Following that, of course, what had originally been reserved for the publication of original comics material directly in book format (though I think some of the Marvel material is debatable in terms of length and ought more aptly be called "graphic novellas") started to cover first all kinds of TPBs (whether reprints of diverse story arcs and limited series or actual original publications) and then further on to cover the entire medium itself. Somewhat erroneously, I would argue, since that merely makes it more fanciful term for "comics."

And the term graphic novel is useful. Make no mistake about that. It is useful as a genre denomination, just as the "novel" it not so subtly leans upon is useful genre terminology in the field of literature. But for the term to be useful, it cannot be the entire medium. It cannot function as the more respectable box used to dress up the old comics for the general public. It needs to be thought of as a genre, and as a genre, it reasonably needs to be novelistic in some sense. Eisner's usage certainly applies to this category, as does quite a bit (if not all) of the Marvel Graphic Novel material, although some of that (due to its length, as mentioned above) might benefit from borrowing the term novella from literature (after all, if there are graphic novels, it would only be logical that there are also graphic novellas, as it were). Each and every TPB reprint, however, does not warrant the use of the terminology.

Don't get me wrong. I'm not suggesting that the old "publication of original comics material directly in book format" rule need apply. Not at all. The novel itself had its humble beginnings in serial publication, and even rose to prominence in that area in the course of two centuries or so. Let's remember that Dickens, held up by many as one of the greatest novelists of all times, did not write novels as full books in the sense we tend to think of them today, but as serial installments on a weekly basis. That is, something very much comparable to the history of comicbook publication.

However, I would like to reiterate, there does need to be something novelistic about it. There needs to be a single story, albeit perchance multifaceted, in there. Limited series naturally quite easily fall into this slot, and I do consequently not have any problem talking about Camelot 3000, The Dark Knight Returns or Watchmen as graphic novels. The same goes for clear novelistic story arcs reprinted in TPB. Most of Neil Gaiman's Sandman amply exemplify this, and is more over an extraordinarily good examples as two of the ten TPBs, Dream Country and Fables & Reflections, so clearly aren't novelistic, but rather serve as the comics equivalent of a short story collection (as many regular TPBs, of course, are wont to be). And yes, the concluding Sandman volume, The Wake, does reside on the borderlines, what with it containing a shorter "long" story (if published as a separate TPB, perhaps more of a graphic novella) and some short stories.
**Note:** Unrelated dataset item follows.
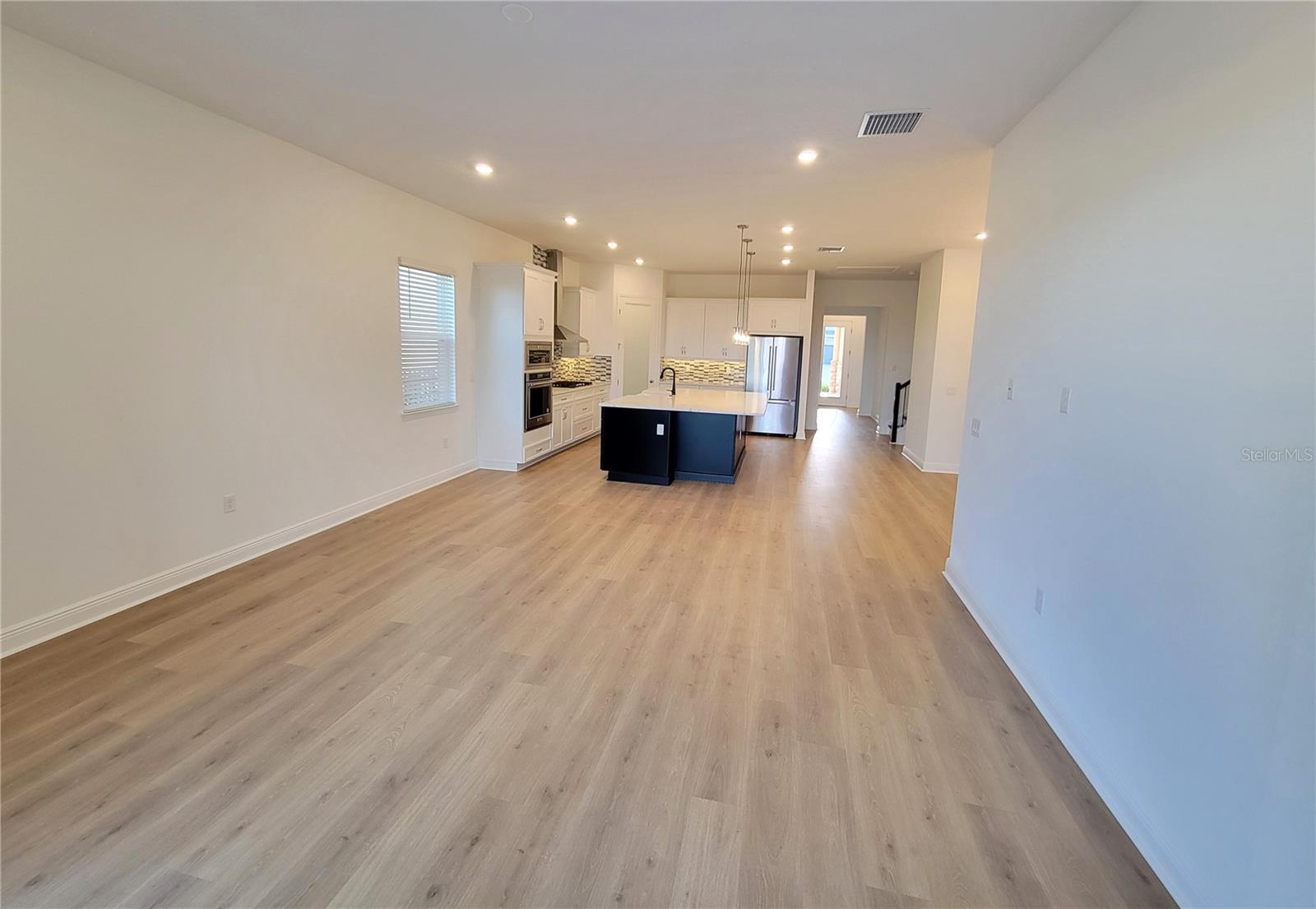 Image 2 of 36 For 15627 Vetta Drive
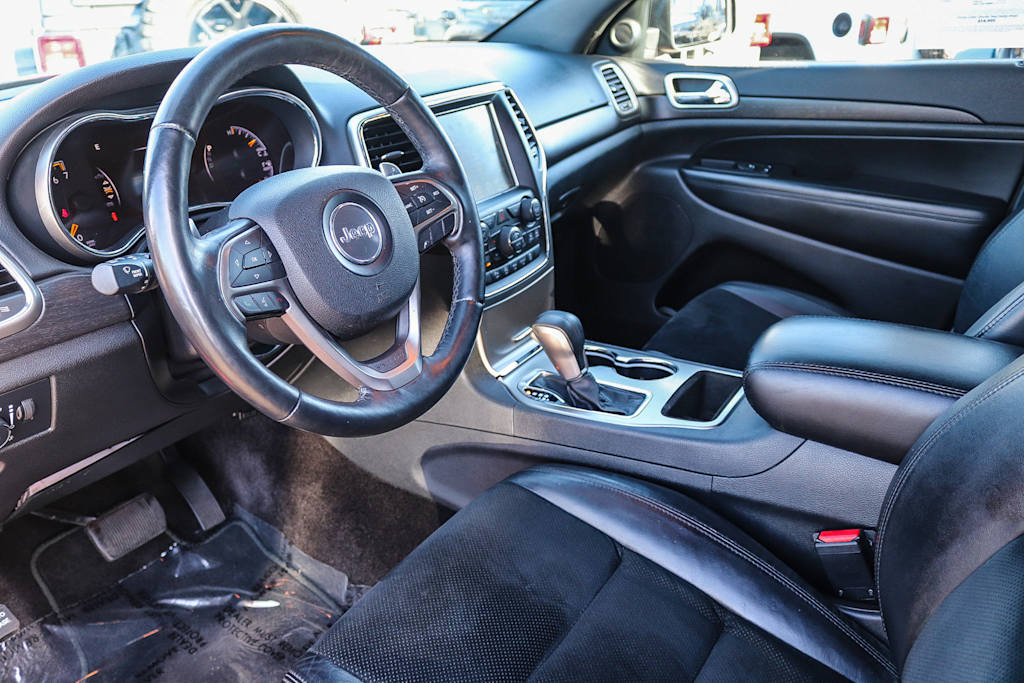 Thumbnail: 2017 Jeep Grand Cherokee - 12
In all cases, however, we are talking about comics. Because if we look at it sanely, consider the term graphic novel useful and wish to keep it as such, we simply must realise that all graphic novels are comics, while far from all comics are graphic novels. The distinction has absolutely nothing to do with quality, it is not a matter of which comics are prestigious enough to go into the "respectable" box. It is simple a matter of genre.

And genre is never in and of itself about quality.